### What you have to do
Every entry below is to be retyped exactly as it stands.
### Supplied information ###
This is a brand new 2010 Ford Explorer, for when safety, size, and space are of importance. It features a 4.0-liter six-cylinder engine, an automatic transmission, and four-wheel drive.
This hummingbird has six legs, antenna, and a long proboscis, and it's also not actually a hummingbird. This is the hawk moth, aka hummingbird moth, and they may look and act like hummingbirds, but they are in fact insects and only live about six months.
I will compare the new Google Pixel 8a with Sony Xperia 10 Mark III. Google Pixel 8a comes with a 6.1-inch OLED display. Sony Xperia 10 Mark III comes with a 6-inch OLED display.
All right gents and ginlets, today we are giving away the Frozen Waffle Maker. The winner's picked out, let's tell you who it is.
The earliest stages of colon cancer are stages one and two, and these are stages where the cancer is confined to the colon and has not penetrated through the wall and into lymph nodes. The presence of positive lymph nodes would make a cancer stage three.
###
### Response to this exercise
This is a brand new 2010 Ford Explorer, for when safety, size, and space are of importance. It features a 4.0-liter six-cylinder engine, an automatic transmission, and four-wheel drive.
This hummingbird has six legs, antenna, and a long proboscis, and it's also not actually a hummingbird. This is the hawk moth, aka hummingbird moth, and they may look and act like hummingbirds, but they are in fact insects and only live about six months.
I will compare the new Google Pixel 8a with Sony Xperia 10 Mark III. Google Pixel 8a comes with a 6.1-inch OLED display. Sony Xperia 10 Mark III comes with a 6-inch OLED display.
All right gents and ginlets, today we are giving away the Frozen Waffle Maker. The winner's picked out, let's tell you who it is.
The earliest stages of colon cancer are stages one and two, and these are stages where the cancer is confined to the colon and has not penetrated through the wall and into lymph nodes. The presence of positive lymph nodes would make a cancer stage three.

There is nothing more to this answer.